Mas estou dizendo isto tudo a propósito da pedalada deste domingo, 11/04/2010. Durante a semana encontrei o ciclista Marco com quem andei raras vezes e ele me convidou para um passeio até a represa de São João Marcos. Aceitei, estaria abrindo novas opções, ganhando novos colegas.
Quando entramos em um grupo temos de nos adaptar aos seus costumes e o primeiro, que estranhei é seu hábito de só comer em casa, na trilha é só pedalar. Mas em Arrozal pedi para parar na padaria do Francisco: sei lá quando vou comer de novo!

Bem, íamos atravessar Passa Três e lá, pensei, faço a turma parar na outra padaria, mas estavam na frente e tive de segui-los batido. Subimos sem parar passando por belos lugares, parava para fotografar e ficava para trás. Mas conhecia o caminho. A bicicleta de Marcos quebrou de um jeito que nunca vi, soltou o parafuso das coroas e ficou sem a menor. Mas para ele não era nada, continuava subindo à vontade.

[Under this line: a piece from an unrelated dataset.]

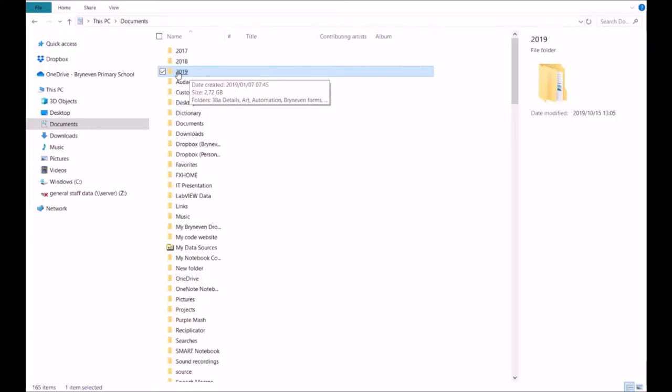Here you can see the layout of Windows Explorer. You can see how I've laid out my files with a 2019 folder — this year's files go in that folder. We are going to put our HTML files in this 2019 folder, and we're going to link one HTML file with another.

Na represa decidi saltar fora. Anunciei que não ia voltar com eles, preferia fazer a volta por Rio Claro, mas eles resolveram me seguir. Afinal a distância era um pouco menor e a estrada bem melhor. Avisei que depois de subir a serra chegaríamos no bar de D. Rosa onde é servido um belo frango frito, mas ela está desativando o estabelecimento e passamos a refrigerante e biscoito. A fome bateu, Vagner começou a ter cãimbras.

Chegamos em Rio Claro onde os salgados da D. Marlene salvaram a gente. Depois foi pedalar debaixo de chuva fresca e sol ameno. Ganhei novos colegas de pedal, com um jeito diferente, mas é bom conhecer outros costumes, abrir a mandala da gente.